また、改葬の方法によっては、新たにお墓を建てた時と同じくらい費用がかかります。
ではその費用を誰が負担すべきなのか、もし払えないほど高額になった場合はどうすれば良いのか、墓じまいの費用について詳しく解説します。
誰が払うべきなのか、親戚同士で無用なトラブルを生まないためにも、しっかりと計画を立ててから進めていくことが大切です。
Contents
墓じまいの費用は誰が払うべきか?
墓じまいを行うときには、誰が費用を負担すべきなのでしょうか?
言い出した人か、それとも本家の人か、特に継ぐ人がいない場合には迷うところだと思います。
一般的には祭祀主宰者が負担することが多いです。しかし今は時代も変わってきていますので、必ずしもそうしなければならないというわけではありません。
お墓を継ぐ立場の人(祭司継承者)
まず、お墓の継承者は誰なのかをはっきりさせましょう。お墓を継ぐ人を、法律上「祭祀主宰者(祭祀継承者)」といい、お葬式を取り仕切り、この人がご先祖さまの供養を行います。
一般的には祭祀主宰者がお墓のすべてを管理していますので、墓じまいの費用も負担することが多いです。
それは、「お墓の所有権は祭祀を主宰すべき者が承継する」と民法第897条に定められているからです。所有権のある人が費用を負担するというのが一般的な考え方です。
これまでは地域の慣習に従って、長男や長女、もしくは本家を継ぐ人が祭祀主宰者であり、お墓関連の費用を払うことが多かったでしょう。
現在でも、その家を継ぐ人が同時にお墓も継ぐことが多いので、一家の長となるべき人が負担するというケースが多いです。
親戚と負担を分け合うことも考える
とはいえ、もう「家を継ぐ」という考え方自体が古くなってきています。核家族化が進み、誰が家を継ぐのかということも明らかではないことから、墓じまいという新たな課題が生まれてきているのです。
その背景を考えれば、なにも長男・長女だけが負担すべきものではありません。
今あるお墓に関わっている家族、親戚みんなで負担するという考え方もあります。
しかし、これまで通り長男・長女が継ぐべきと考えている年配の人も少なくありませんので、墓じまいの趣旨を丁寧に話し、みんなに理解を求めることが大切です。
法律で規定されているのは、「祭祀を主宰すべき人」という位置付けであり、一人に限るとされているわけではありません。また、祭祀主宰者が全てを負担すべきという意味でもないので、家族や親戚で話し合って費用を負担しあうことは全く問題ないのです。
生前に用意しておくのもあり
最もスマートにいく方法は、今後お墓に入るかもしれない人が墓じまいの費用を用意しておくことです。

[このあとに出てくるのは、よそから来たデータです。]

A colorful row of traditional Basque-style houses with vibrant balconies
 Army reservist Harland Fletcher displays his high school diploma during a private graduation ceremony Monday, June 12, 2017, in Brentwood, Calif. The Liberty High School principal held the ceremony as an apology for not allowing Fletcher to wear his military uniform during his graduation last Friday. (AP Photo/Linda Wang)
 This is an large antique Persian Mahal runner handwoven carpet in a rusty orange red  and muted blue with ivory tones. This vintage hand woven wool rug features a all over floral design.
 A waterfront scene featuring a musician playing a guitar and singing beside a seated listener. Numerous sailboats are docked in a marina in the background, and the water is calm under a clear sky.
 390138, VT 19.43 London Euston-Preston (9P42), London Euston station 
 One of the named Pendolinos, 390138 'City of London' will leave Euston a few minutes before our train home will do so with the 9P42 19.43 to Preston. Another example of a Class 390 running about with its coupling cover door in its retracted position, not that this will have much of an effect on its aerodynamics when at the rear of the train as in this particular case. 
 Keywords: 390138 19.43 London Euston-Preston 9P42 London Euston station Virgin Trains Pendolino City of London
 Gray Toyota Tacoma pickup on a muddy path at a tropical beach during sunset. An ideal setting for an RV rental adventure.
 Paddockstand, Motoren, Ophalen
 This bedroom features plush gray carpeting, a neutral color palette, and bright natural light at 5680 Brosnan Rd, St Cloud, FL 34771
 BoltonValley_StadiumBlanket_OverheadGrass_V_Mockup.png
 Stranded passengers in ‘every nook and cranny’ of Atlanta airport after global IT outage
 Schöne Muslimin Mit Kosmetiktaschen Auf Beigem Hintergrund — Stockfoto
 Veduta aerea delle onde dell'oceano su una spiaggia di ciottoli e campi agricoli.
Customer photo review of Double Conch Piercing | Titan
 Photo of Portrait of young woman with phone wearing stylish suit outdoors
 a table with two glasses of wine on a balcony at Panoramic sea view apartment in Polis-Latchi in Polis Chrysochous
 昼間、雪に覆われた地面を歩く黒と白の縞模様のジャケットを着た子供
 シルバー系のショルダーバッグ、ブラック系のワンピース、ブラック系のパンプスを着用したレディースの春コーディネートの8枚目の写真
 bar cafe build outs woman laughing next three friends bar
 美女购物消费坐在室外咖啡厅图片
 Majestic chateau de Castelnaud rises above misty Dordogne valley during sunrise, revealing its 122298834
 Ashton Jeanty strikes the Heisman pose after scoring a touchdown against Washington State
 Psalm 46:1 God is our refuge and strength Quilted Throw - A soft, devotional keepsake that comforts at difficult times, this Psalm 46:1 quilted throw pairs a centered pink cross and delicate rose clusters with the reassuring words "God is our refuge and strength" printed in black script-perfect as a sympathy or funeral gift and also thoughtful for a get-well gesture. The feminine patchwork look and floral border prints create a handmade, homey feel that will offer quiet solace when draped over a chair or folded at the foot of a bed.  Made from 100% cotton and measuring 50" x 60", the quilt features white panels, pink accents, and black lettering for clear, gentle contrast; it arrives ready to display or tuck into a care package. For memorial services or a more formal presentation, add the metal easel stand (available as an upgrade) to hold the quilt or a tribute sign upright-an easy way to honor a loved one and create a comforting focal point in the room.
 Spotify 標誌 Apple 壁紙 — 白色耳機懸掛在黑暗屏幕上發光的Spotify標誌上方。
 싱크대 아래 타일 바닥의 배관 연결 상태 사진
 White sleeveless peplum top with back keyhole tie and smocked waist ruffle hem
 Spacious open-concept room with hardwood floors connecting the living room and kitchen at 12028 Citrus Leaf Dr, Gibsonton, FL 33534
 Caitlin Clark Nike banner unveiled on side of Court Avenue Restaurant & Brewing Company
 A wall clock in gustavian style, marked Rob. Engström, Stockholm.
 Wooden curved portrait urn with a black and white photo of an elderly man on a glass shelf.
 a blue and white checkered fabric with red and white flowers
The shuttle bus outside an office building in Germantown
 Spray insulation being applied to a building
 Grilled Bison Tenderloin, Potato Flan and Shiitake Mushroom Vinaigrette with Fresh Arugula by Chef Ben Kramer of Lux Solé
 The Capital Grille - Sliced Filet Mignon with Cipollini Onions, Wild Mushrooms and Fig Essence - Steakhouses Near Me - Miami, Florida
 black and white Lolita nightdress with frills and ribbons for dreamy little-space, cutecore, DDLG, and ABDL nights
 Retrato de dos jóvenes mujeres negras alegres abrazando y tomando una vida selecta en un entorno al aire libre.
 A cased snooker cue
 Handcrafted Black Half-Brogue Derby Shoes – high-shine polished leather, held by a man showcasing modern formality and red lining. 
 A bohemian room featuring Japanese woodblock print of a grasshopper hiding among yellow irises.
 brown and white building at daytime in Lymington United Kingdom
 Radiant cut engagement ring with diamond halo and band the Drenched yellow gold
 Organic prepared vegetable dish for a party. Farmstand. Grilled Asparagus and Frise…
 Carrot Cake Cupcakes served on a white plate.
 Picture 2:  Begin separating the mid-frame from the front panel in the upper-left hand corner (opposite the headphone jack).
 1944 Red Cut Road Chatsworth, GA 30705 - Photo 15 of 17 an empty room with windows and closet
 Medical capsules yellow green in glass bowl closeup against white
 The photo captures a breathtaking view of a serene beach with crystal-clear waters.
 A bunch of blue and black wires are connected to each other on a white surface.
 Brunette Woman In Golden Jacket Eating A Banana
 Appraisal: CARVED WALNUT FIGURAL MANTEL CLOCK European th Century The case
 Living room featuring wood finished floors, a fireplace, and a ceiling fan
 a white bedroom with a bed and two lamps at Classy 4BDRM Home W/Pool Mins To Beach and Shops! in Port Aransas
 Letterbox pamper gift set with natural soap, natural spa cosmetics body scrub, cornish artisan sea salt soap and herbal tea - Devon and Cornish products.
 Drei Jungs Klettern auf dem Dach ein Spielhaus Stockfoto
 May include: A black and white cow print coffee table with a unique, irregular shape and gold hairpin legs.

もし自分の代で墓じまいをしてしまおうと思っているなら、終活の一環として墓じまいの費用を準備しておけば、残る人たちの負担を少しでも減らせるでしょう。
自分がいずれ祭祀主宰者の立場になるという人は、現在の主宰者と将来について話し合い、費用を準備しておくというのもありです。
墓じまいを家族や親戚で負担するときの割合
もし、親族で墓じまいの費用を負担し合おうと話がついたとして、問題になってくるのはその負担の割合でしょう。
誰がいくら払うかという決まりもありませんので、誰がいくら出してもいいわけです。均等に負担するのが平等で良いと思いますが、中には祭祀主宰者が多めに負担すべきと主張する人もいるかもしれません。
負担割合に関しては法的な決まりもないので、丁寧な話し合いが必要です。
それぞれ今の家庭の状況も違いますし、均等にといっても金額によっては負担することが難しい場合もあります。
負担する人たちが納得できるように話し合いを重ねていきましょう。
後々トラブルにならないためにしっかり話し合うことが大事
墓じまいは高額な費用がかかる話ですから、話し合いが非常に重要です。
お金の話がからむと、それまで関係の良かった親戚とも軋轢が生じてしまう可能性もあるからです。
墓じまいは、お寺にも話をしなくてはなりませんし、業者を選定したり、次の改葬方法を考えたりと手間と時間がかかります。ただでさえ大変なのに、親戚とのトラブルまで起きてしまったら、精神的にも疲労してしまうでしょう。
一人に負担を押し付けようとしないこと
お墓のことなんて長男・長女がやればいいのでは?と一人に押し付けないことが大切です。
お墓は親戚一同に関わる話ですから、それぞれが当事者であるという気持ちを持って話し合いましょう。
あいまいな点を残さないこと
お金の話はとてもデリケートなので、なにかと曖昧にしがちです。特に日本は、お金について細かいことを言うと嫌われる風潮がありますから、なんとなく話を終わらせてしまいがちですが、それは後々トラブルの元となります。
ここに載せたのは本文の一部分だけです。